*SUPPLIED DATA*.
******

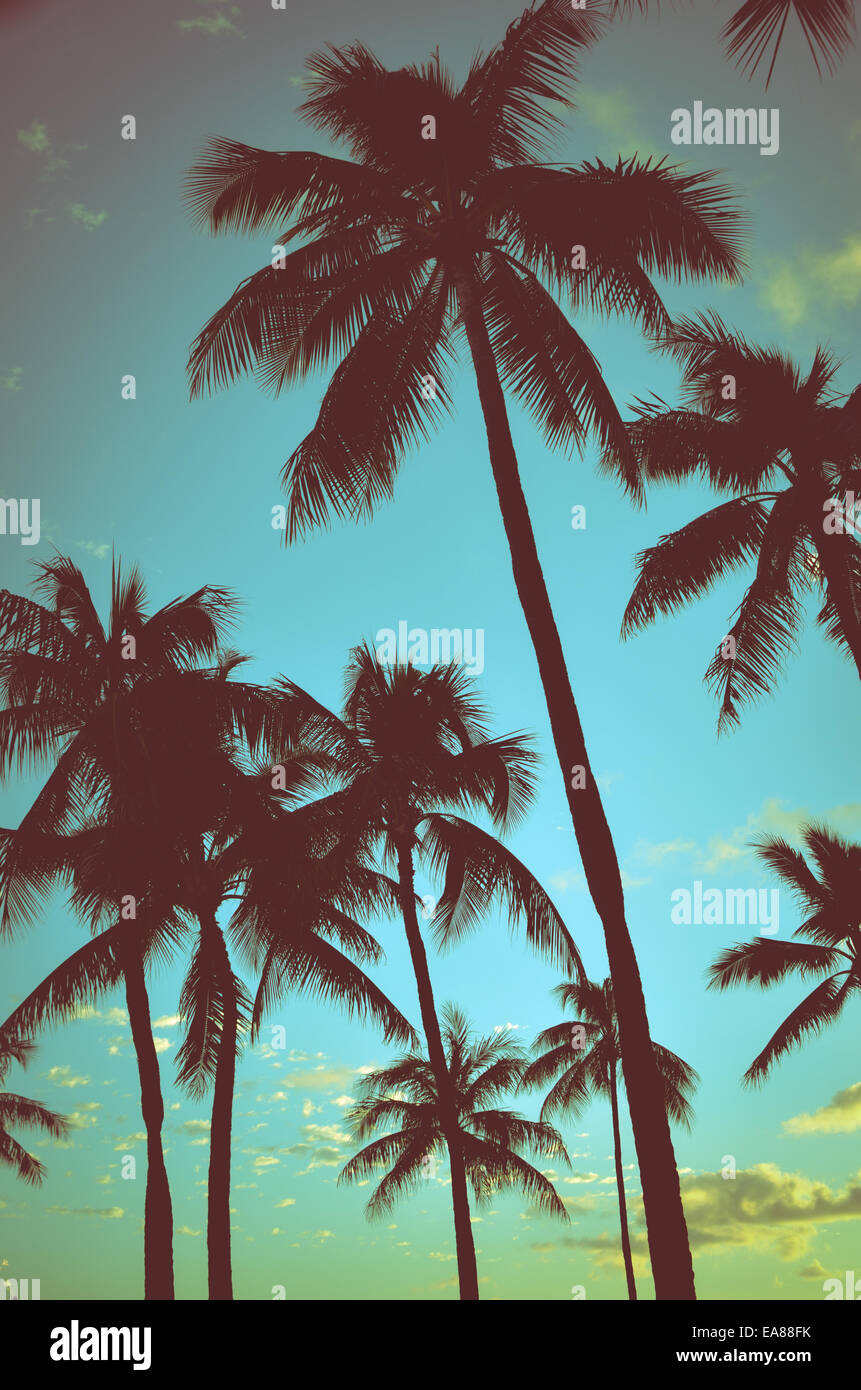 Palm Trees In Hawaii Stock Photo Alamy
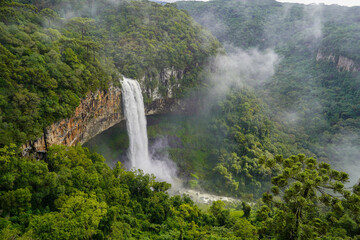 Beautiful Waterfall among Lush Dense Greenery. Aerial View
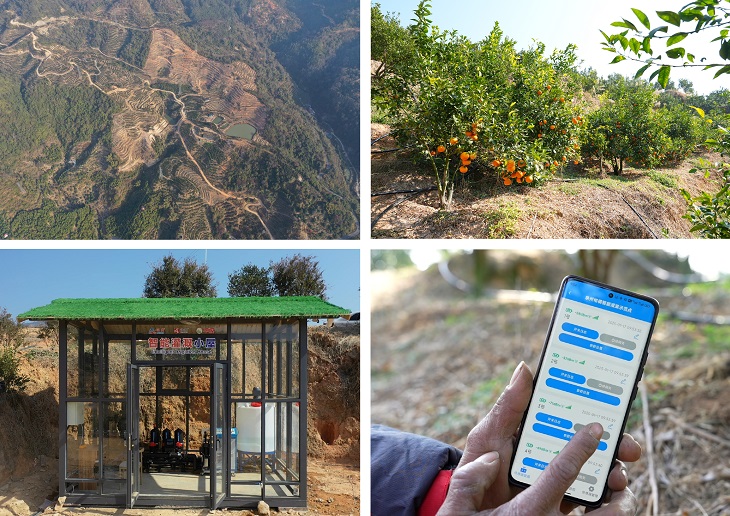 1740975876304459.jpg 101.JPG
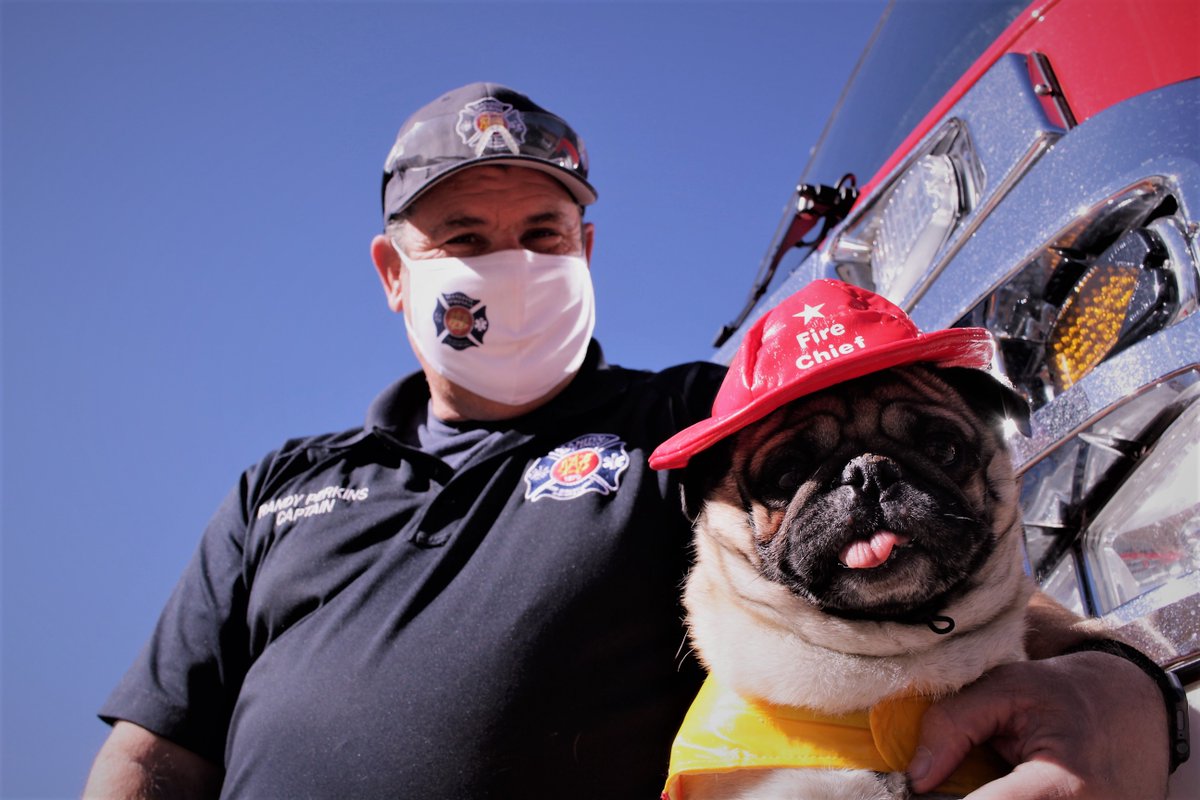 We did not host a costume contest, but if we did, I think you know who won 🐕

******

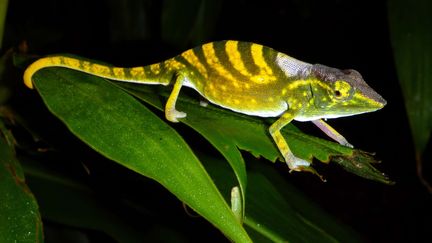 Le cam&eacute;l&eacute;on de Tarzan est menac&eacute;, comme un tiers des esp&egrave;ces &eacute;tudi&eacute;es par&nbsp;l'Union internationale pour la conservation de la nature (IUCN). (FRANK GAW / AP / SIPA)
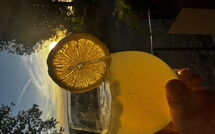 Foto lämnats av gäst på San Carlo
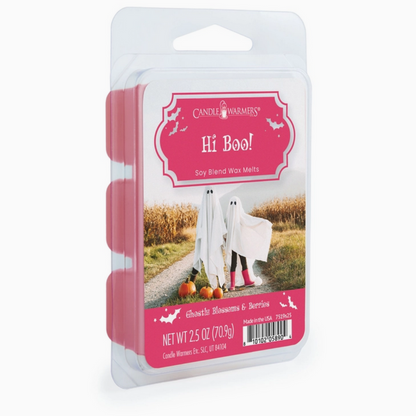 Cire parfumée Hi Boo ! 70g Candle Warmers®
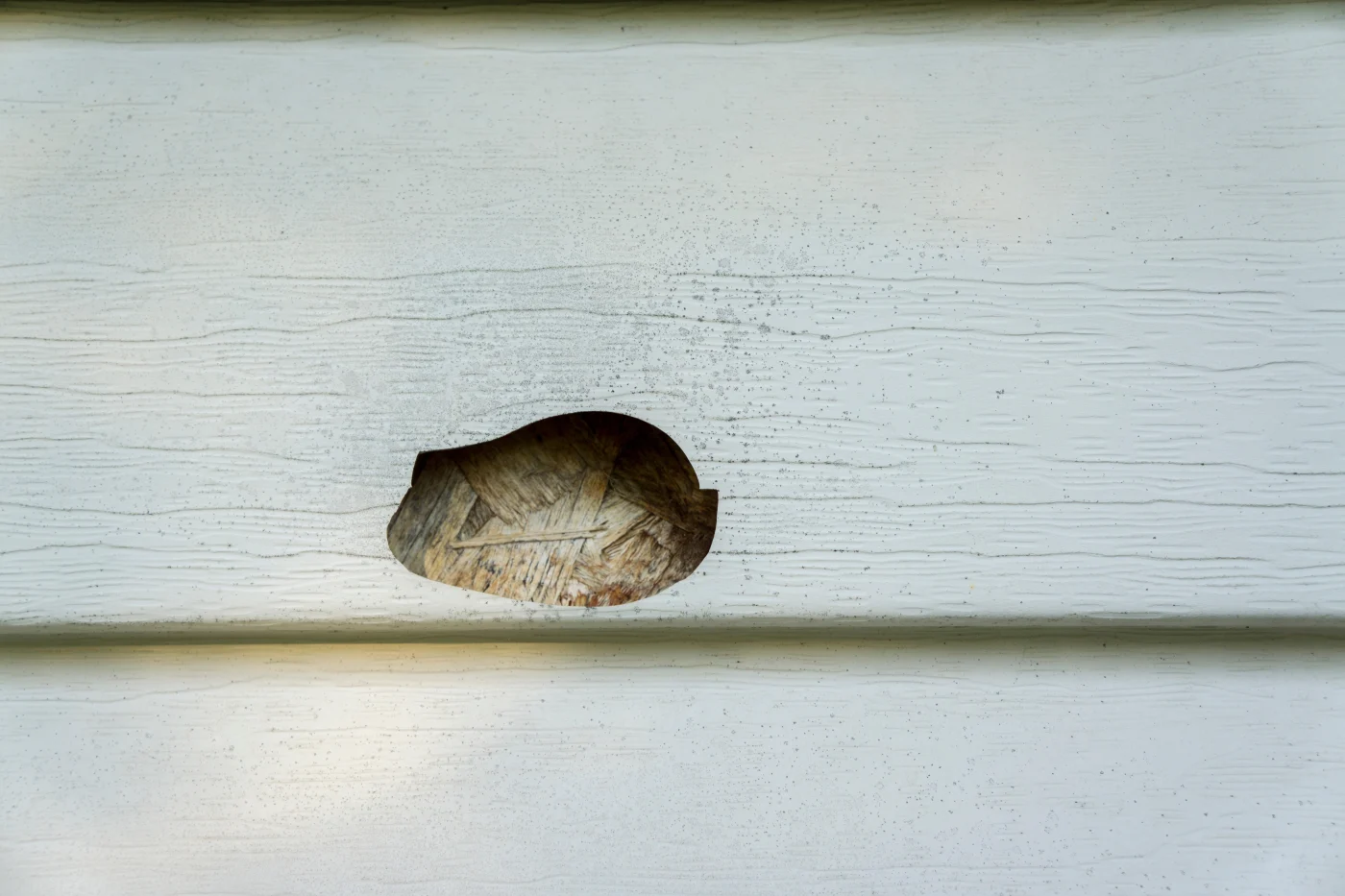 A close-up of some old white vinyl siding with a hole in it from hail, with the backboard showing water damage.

******

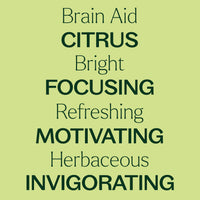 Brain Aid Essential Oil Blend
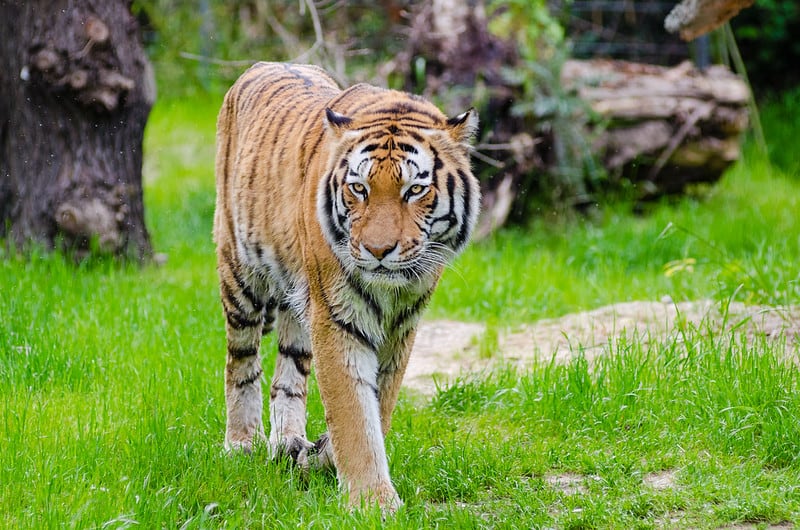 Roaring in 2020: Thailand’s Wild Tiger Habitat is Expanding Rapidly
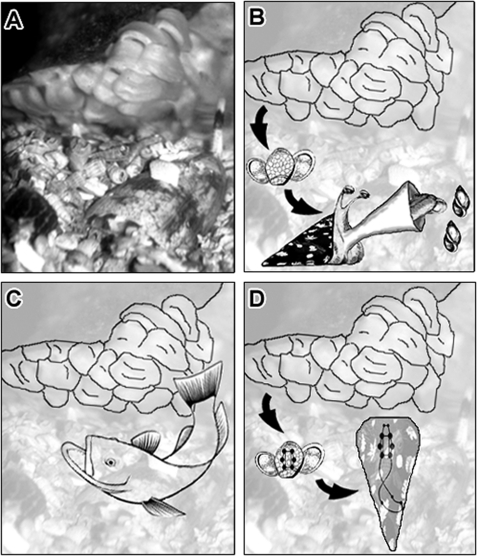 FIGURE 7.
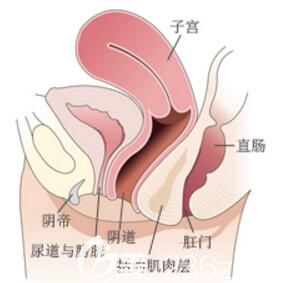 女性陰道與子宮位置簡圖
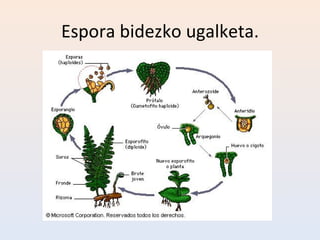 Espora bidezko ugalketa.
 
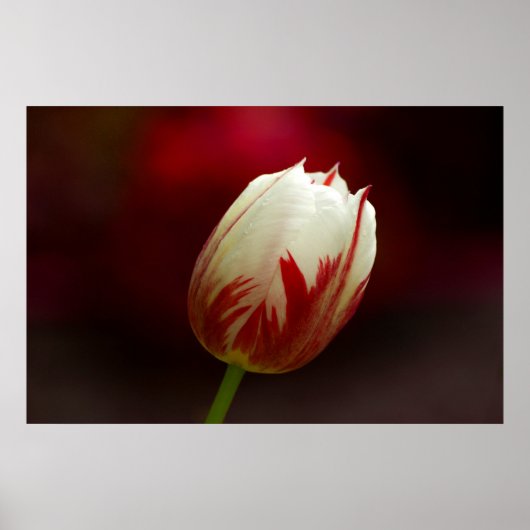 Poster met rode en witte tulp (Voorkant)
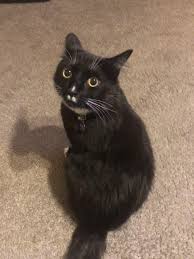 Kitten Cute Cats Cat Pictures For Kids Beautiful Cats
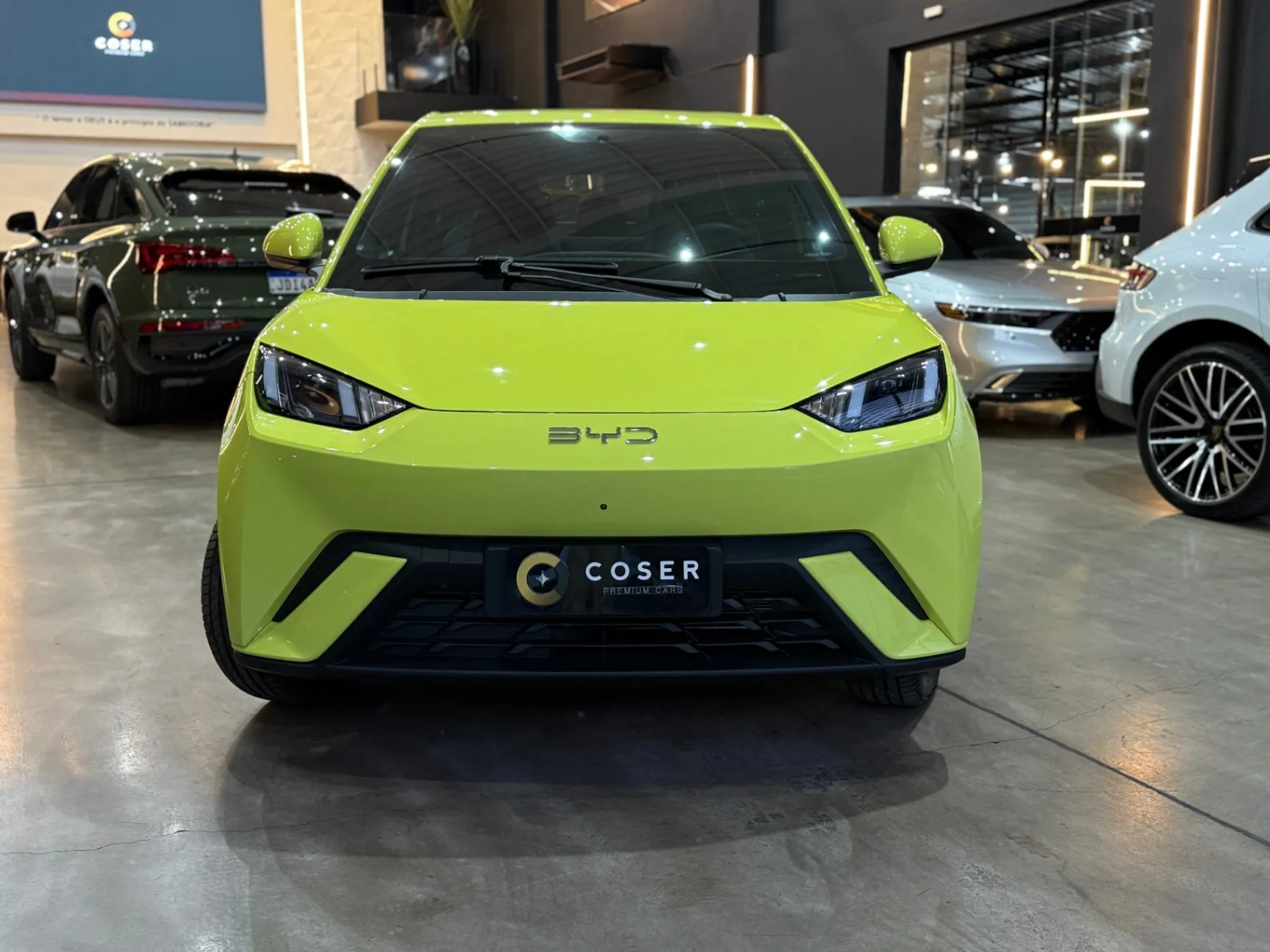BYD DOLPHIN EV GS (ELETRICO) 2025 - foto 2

******

*WORK TO COMPLETE*.
Going by the data above, the answer is exactly the lines from the one holding "Palm Trees In Hawaii Stock Photo Alamy" to the one holding "We did not host", both kept, with the pictures left out.

*EXERCISE RESULT*.
 Palm Trees In Hawaii Stock Photo Alamy
 Beautiful Waterfall among Lush Dense Greenery. Aerial View
 1740975876304459.jpg 101.JPG
 We did not host a costume contest, but if we did, I think you know who won 🐕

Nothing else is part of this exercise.